We're doing cloud-breaking today. We have to find and bust all ten gray clouds as fast as we can. I hope I do okay, that'd be something fun to write Mom about!

I did alright. I'm still pretty distracted. I hope I get a letter from Featherweight today. I'm still worried... I got fourth place out of the twenty of us in the class. I probably could've made third place if I had been more focused. Thunderbolt got second, and Blazemane got first. Thunderbolt seems mad that he's not beating everypony like he thought. He made sure to ask me how embarrassed I was that I couldn't make the top three. I don't really care. I do as well as I do.

I didn't get a letter from Featherweight again! Something must be wrong... I'm really worried. I knew I should've stayed home. I shouldn't have come here. Featherweight might have run away or gotten sick, or maybe he's hurt... what if he's all alone? What if nopony knows where he is? He wouldn't have run away to try and find his parents would he? Where would he look? He doesn't know anything about them... He was so bothered by what Diamond Tiara said, though... I really hope he's okay... I'm worried.

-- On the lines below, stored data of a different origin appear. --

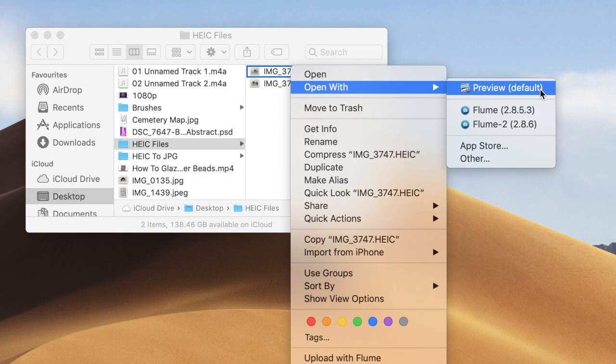This will open HEIC files, but that's not what I want to do today. I want to open it in Photoshop.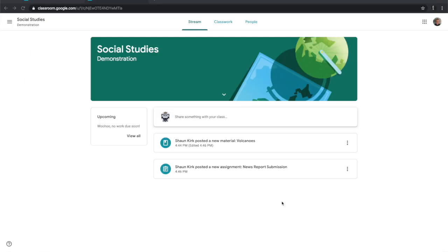This is the student's view of the classroom. Here we have the class title and this is the stream, which is just a collection of everything that's happening in the class. You can stay up to date and it gets posted in real time.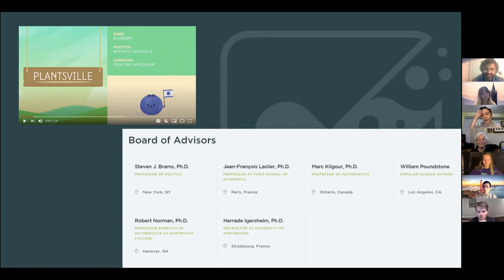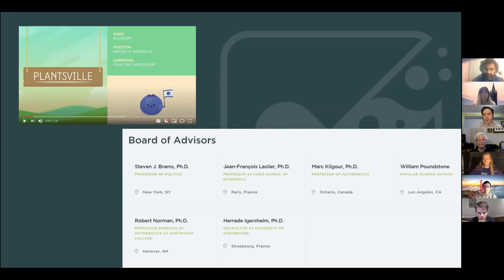We used that video quite a lot in marketing for approval voting. We also built up a board of advisors, including Steven Brams, who laid the academic groundwork for approval voting, as well as William Poundstone, whose books really inspired a lot of folks to get involved in the movement.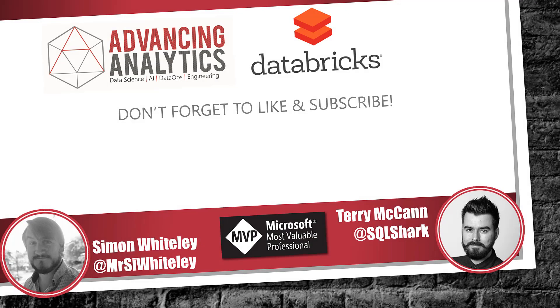Hopefully that was really simple. It really gives you an idea of how to do joins in Databricks. Don't forget to like and subscribe to our YouTube channel so we can keep making more of these things. We'll see you next time.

I didn't really do any exercises today... Miss Winter Wind asked why I wasn't exercising for the workout session this afternoon. I told her I was really tired, that I didn't sleep well. It wasn't a lie, but it wasn't the only thing... I really hope Featherweight is okay.

I can't sleep again today. I just can't stop thinking about him! I hope he's okay. What if he isn't though? I should've stayed home. This is my fault. I think I'm feeling sick.